Out for a smoke we went again… and to yet another rendering of “It’s my life” – the most often played song in Ireland after “Wild Rover” and “Danny Boy” I figured what the hell. I told him I liked him, and that I would be sorry to see him go without having had a chance of talking about books and stuff… I’m such a smooth talker. Luckily he replied he liked me too, which was a relief and a conversation killer at the same time. Uncomfortable silences are never my forte, so I just said something like too bad you’ll be going so soon already. Booze had made me overcome a lot of my shyness, since I could hardly remember how to say anything at all, let alone something deep and interesting and preferably referring to a great work in literature. By this time, we were already on our fourth cigarette break, because we both felt we’d rather talk to each other than shout into the empty chaos loud music creates in tortured eardrums.
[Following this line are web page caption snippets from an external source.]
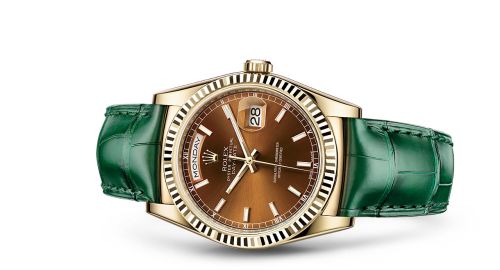Rolex Day-Date 36 Yellow Gold / Strap / Cognac : Ref Number 118138-0057
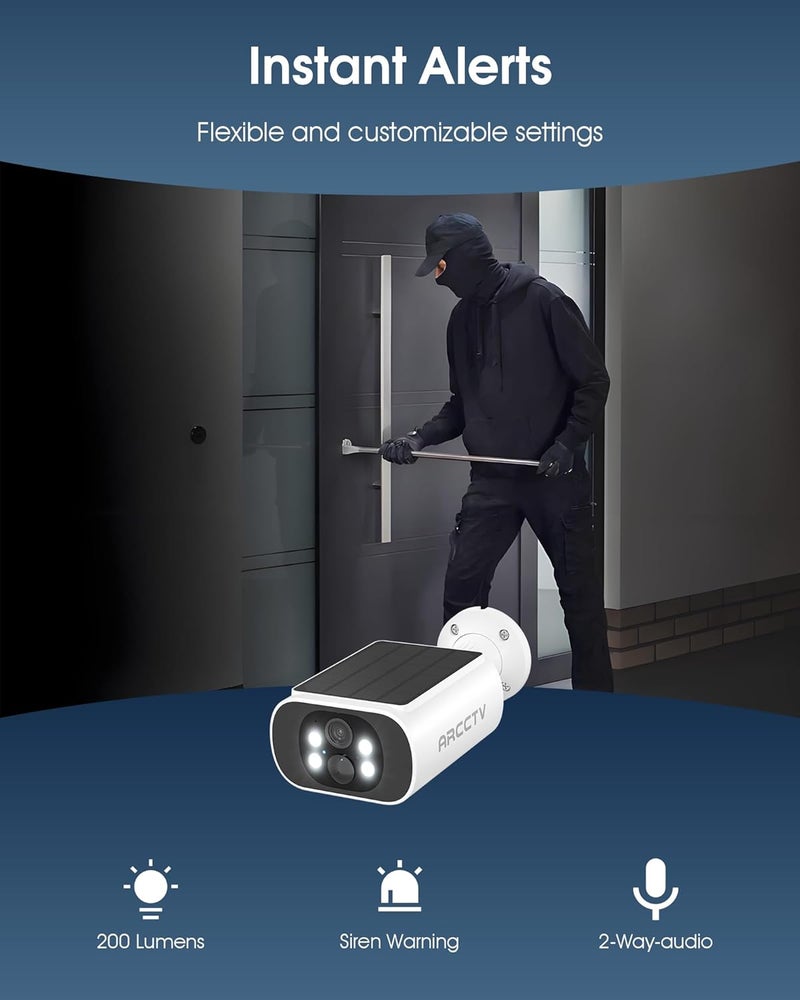 ARCCTV Solar Security Camera Outdoor Wireless, 4MP Battery Powered Home Surveillance Camera with Embedded Solar Panel, PIR Motion Sensor, 2.4G/5G Dual Band WiFi - Image 5
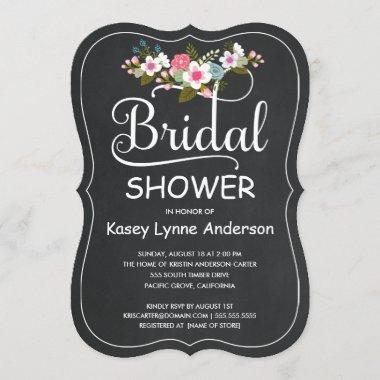 Rustic Chalkboard Floral Wreath Bridal Shower Invitations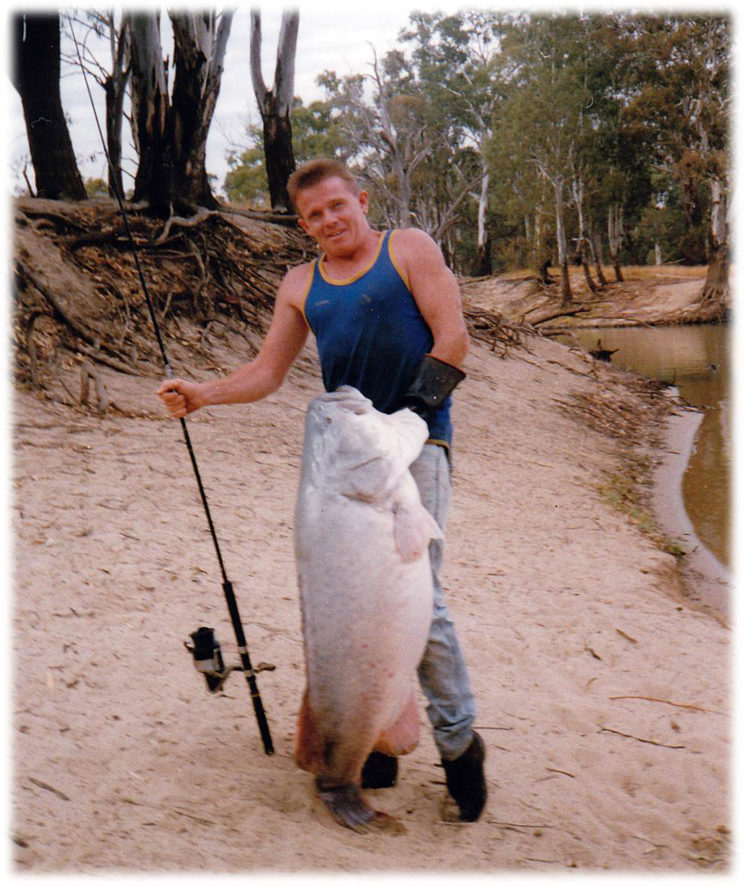 Rod with his first big Murray cod, an 86lb beast that fell to trolled a Predatek Boomerang. This was the first and last big cod he ever kept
I turned to him and smiled a little wistfully, to let him know I meant it, and before I knew it I was kissing him, or he was kissing me, it doesn’t matter who started, it just went on and on and was so soft, like a baby’s kisses or the feeling you have when the dentist’s anesthesia wears off (again with the dentist! Puts it all into painful perspective I suppose). Maybe he drugged me… I can only hope.
In the spirit of whirlwind romance, and because he would only be staying another three days after that Friday, I did something the slightest idea of which would normally not even begin to speculate about the merest possibility of crossing my mind: I took him home with me (hehe).